Di satu acara buka puasa, saya jumpa kawan itu. Dahulu, kami sering diskusi dan membaca bersama. Kami sempat nyasar jadi ‘anak kajian’ di kampus. Kini, dia sudah menjadi orang sukses dan tajir.

Dia punya netwoking yang kuat. Dia bisa tembus ke para pengambil kebijakan negeri ini. Dia dekat dengan banyak crazy rich. Padahal menurut saya, dia tidak pintar-pintar amat. 

Kelebihannya adalah dia tahu bagaimana memikat hati orang lain, sehingga menjadi kawan dekat, lalu menjalin relasi yang kuat. Dia membangun networking kuat sehingga punya akses ke banyak hal.
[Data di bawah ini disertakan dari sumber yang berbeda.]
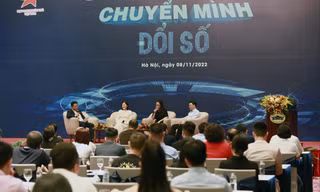 Doanh nghiệp trẻ cần sẵn sàng xây dựng chiến lược chuyển đổi số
Networking adalah satu kata yang sering kita ucapkan, namun sulit dijalankan, apalagi bagi orang introvert seperti saya. Di dunia akademis, kita hanya fokus mengejar nilai dan status cumlaude, padahal dunia praktis tidak selalu membutuhkan itu. 

Seseorang yang punya networking bagus, akan jauh lebih sukses ketimbang orang yang hanya mengandalkan kepintaran. Malah, kata seorang kolumnis, seorang penjilat akan lebih sukses dari pekerja yang rajin. Mengapa? Sebab dia tahu cari muka ke atasan.

Kebetulan, saya baru saja menuntaskan buku berjudul NETWORKING: Seni Nyetor (dan cari) Muka untuk Profesional, yang ditulis William Ndut, akademisi UI. 

Saya tertarik dengan kalimat:  Bahwa networking bukan soal “setor muka" di pesta dan acara, tetapi juga seni “cari muka” yang membantu kita mencapai cita-cita dan menjadikan kehidupan profesional jauh lebih bermakna.

Dia melihat “cari muka” dalam pengertian positif. Yakni upaya untuk mengomunikasikan pencapaian, portofolio, atau kemampuan yang dimiliki dengan tujuan meningkatkan kualitas hidup dan jejang karier profesional.

Baginya, networking adalah seni dan proses yang terus bertumbuh. Pada mulanya kita bertemu dengan seseorang dan berusaha saling mengenal. Seiring waktu, kita memupuk hubungan, hingga di satu titik bisa membawa manfaat bagi kita.

Namun, networking bukan sekadar bertemu seseorang lalu selfie, kemudian menyimpan namanya di HP.  Bukan barang dagangan, di mana kita berharap akan meminta sesuatu. Bukan pula sekadar berbincang-bincang di satu acara, Bukan pula bicara-bicara cerdas ala akademisi sehingga orang lain terkesima.

Sekadar kenal, sapa dan basa-basi adalah tahap pertama dari membangun networking yakni tahap struktural. Setelah itu adalah tahapan strategik di mana kita melihat networking bukan sebagai emas, melainkan “tambang emas” yang bisa diubah menjadi kekayaan tiada tara. 

Kita memupuk hubungan, menjalin relasi, saling membantu, serta saling menjaga silaturahmi. Kita membangun integritas, kepercayaan, reputasi, serta rekam jejak yang baik. Di titik ini kita berupaya untuk mengenali siapa kawan kita, apa kebiasaannya, serta apa saja hal yang membuatnya nyaman.

Tahap terakhir adalah tahap simbolik. Ini adalah tahap di mana kita telah memberi banyak kontribusi bagi orang sekitar kita. Di tahap ini kita menjadi figur yang menjadi enabler atau membuka jalan bagi orang lain, sehingga kelak kita mendapatkan banyak manfaat dari ketulusan dan niat baik itu.

Saya tertarik membaca tahapan strategik. Untuk merebut hati orang lain, tak sekadar cari muka, tapi perlu strategi. Kita perlu mengenali kebiasaan orang yang kita incar jadi networking, kemudian perlahan masuk melalui hal tersebut.

Saya ingat semasa jurnalis. Kami hendak menemui Zainal Tayep, pengusaha kaya asal Makassar di Bali. Saya dan beberapa kawan bertanya tentang regulasi bisnis. Terlihat dia kurang nyaman. Tiba-tiba seorang jurnalis bertanya: “Puang, ada saya punya ayam bitte. Jago sekali itu ayam.” 

Tiba-tiba wajah Zainal Tayep berseri-seri. Dia menatap kawan saya dengan bahagia. Mengalirlah pembicaraan tentang ayam aduan. Entah kawan ini tahu dari mana kebiasaan pengusaha kaya ini. Sejak saat itu, dia membangun networking kuat, hingga berkongsi bisnis dengan pengusaha itu.

Saya yang saat itu merasa terlalu pintar, gagal membangun suasana. Saya hanya bisa menyerap hikmah, sementara kawan itu menyerap dollar.